Caetano Veloso e Augusto de Campos

Augusto de Campos faz 90 anos. Para mim, isso é motivo de intensa e profunda celebração. Já contei como sempre me pareceu intrigante que, dentre os luminosos componentes do grupo de poetas concretos de São Paulo, Augusto fosse aquele de quem mais me aproximei. Haroldo, com sua imaginação barroca, exibia exuberância e comunicabilidade, tanto na expressão poética quanto na procura crítica ou no modo pessoal. Décio Pignatari, que ensinou na ESDI (Escola Superior de Desenho Industrial da Uerj), tinha seu nome citado em conversas que ouvi, tanto entre os componentes do grupo Teatro de Arena quanto em particular com meu amigo Rogério Duarte, baiano como eu e criador do inesquecível cartaz de Deus e o diabo na terra do sol. Os dois, Décio e Haroldo, figuras abertas e de brilho externo, do tipo que poderia prescindir de luz íntima. Na gíria, vinda da astrologia, que se instaurou na linguagem da minha geração quando nós chegávamos aos 20 (e eles já estavam nos 30), os dois eram “leoninos”. Bem, de fato eram ambos nascidos em datas que são tidas como postas sob o signo do Leão. O mesmo se dá comigo — e reconheço em mim algumas dessas características que listei para descrevê-los. Augusto é muito diferente de nós quanto a tudo isso. Confesso que nunca senti timidez na presença de Haroldo de Campos ou de Décio Pignatari, mas sinto-me tímido em algum nível quando estou com Augusto. É como se estivesse sempre em dívida com a atenção que ele porventura me dê. E foi ele quem mais atentou para mim e para meu trabalho, mal começamos o esboço do que veio a se chamar tropicalismo. Os dois leoninos apoiaram a valorização por Augusto daquilo que fazíamos. E chegaram perto para conversas e algum convívio. Augusto chegou mais perto, manteve-se mais longe — e foi sempre mais fundo.

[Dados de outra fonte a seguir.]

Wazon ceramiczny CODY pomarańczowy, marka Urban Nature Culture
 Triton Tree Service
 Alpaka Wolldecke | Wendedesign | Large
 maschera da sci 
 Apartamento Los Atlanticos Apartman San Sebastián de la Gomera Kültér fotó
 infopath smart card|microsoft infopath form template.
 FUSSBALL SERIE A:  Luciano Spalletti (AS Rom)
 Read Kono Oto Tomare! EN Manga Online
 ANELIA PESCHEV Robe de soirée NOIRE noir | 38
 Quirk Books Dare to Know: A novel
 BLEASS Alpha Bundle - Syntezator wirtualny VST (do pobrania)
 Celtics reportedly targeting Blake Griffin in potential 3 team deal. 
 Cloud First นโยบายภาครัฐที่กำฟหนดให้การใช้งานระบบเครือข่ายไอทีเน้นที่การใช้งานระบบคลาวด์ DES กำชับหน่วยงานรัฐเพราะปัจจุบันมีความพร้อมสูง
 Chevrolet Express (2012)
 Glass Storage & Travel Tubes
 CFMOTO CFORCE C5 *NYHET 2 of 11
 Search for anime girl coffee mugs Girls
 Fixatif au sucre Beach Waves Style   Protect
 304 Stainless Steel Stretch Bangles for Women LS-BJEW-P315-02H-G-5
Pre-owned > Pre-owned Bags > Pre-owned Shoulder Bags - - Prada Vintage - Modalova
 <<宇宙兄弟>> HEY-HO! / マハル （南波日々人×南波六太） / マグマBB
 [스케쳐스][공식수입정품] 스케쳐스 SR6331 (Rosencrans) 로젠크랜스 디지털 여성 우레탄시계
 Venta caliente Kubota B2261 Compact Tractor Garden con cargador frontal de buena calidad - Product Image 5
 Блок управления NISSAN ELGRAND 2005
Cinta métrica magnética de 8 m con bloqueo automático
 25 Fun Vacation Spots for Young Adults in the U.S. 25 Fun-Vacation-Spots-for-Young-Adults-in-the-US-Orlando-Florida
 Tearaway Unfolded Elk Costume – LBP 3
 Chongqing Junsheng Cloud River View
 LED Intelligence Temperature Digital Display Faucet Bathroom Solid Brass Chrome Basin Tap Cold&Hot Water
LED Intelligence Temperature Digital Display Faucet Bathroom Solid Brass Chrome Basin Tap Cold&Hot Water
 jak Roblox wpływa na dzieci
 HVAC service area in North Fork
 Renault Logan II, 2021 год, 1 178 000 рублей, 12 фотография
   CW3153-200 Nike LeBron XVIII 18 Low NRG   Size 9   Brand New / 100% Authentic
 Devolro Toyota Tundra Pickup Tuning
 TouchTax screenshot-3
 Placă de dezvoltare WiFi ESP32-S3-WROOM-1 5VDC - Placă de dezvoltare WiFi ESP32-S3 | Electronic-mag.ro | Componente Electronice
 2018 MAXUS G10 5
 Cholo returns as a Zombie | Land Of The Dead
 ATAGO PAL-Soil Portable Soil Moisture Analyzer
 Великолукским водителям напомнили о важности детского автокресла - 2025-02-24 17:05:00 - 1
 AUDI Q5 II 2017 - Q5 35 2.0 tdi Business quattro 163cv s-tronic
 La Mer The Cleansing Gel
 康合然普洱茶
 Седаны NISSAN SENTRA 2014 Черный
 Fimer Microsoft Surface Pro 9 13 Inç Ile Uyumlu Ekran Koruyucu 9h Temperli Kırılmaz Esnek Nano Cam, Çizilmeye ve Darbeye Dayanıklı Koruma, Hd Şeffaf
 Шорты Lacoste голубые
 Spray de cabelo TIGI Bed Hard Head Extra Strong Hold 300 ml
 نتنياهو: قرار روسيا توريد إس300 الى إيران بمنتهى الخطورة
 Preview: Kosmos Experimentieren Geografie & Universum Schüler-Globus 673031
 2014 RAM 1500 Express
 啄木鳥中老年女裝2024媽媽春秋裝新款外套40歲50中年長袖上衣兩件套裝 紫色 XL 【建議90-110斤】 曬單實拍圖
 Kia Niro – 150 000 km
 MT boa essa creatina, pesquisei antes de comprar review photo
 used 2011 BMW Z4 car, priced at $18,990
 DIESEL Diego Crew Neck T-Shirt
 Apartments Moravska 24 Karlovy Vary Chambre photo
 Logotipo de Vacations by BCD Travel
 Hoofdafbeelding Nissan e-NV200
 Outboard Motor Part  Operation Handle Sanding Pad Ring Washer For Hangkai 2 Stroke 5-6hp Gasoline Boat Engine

Celebrar os 90 anos de Augusto não pode deixar de ser celebrar o contributo do grupo concretista como um todo para a vida mental brasileira. Augusto é o representante vivo dessa gigantesca experiência. Mas, a meu ver, ele a representou de modo mais concentrado nas fases avançadas do seu processo. Não digo isso sem estar consciente de que, tendo sido ele o que primeiro e mais diretamente falou sobre o meu trabalho, possa parecer privilegiá-lo por gratidão. Ou seja: que aqui fale mais Narciso do que Orfeu. Mas não é simples assim. Augusto é a manutenção radical da forma de apreciar o fato-poesia que nasceu no movimento concreto. Os ramos frondosos do exuberante Haroldo ou as inflorescências incomparáveis que Décio produziu podem às vezes afastar-se da raiz à qual Augusto mantém-se colado. Seria a acolhida dada ao fenômeno ocorrido na indústria cultural de que fiz parte seu maior e mais arriscado afastamento? Terá ele, com isso, ido mais longe da raiz do que seus pares doutorados na USP ou docentes da ESDI? Na verdade, os textos sobre Lupicínio Rodrigues e, mais tarde, sobre a Jovem Guarda, são já gestos nessa direção. Eu diria que com mais ênfase no aspecto de gosto e exigência formal no caso de Lupicínio, e, no caso de Roberto e Erasmo, mais estratégia de afirmação do que é defendido em Ezra, Arnaut, Dante ou e.e. via redimensionamento crítico das movimentações “middle-brow” na sociedade brasileira. O fato é que sua poesia e sua crítica seguem igualmente exigentes — talvez mais exigentes do que as de seus irmãos-companheiros — tendo incorporado essas escapadas.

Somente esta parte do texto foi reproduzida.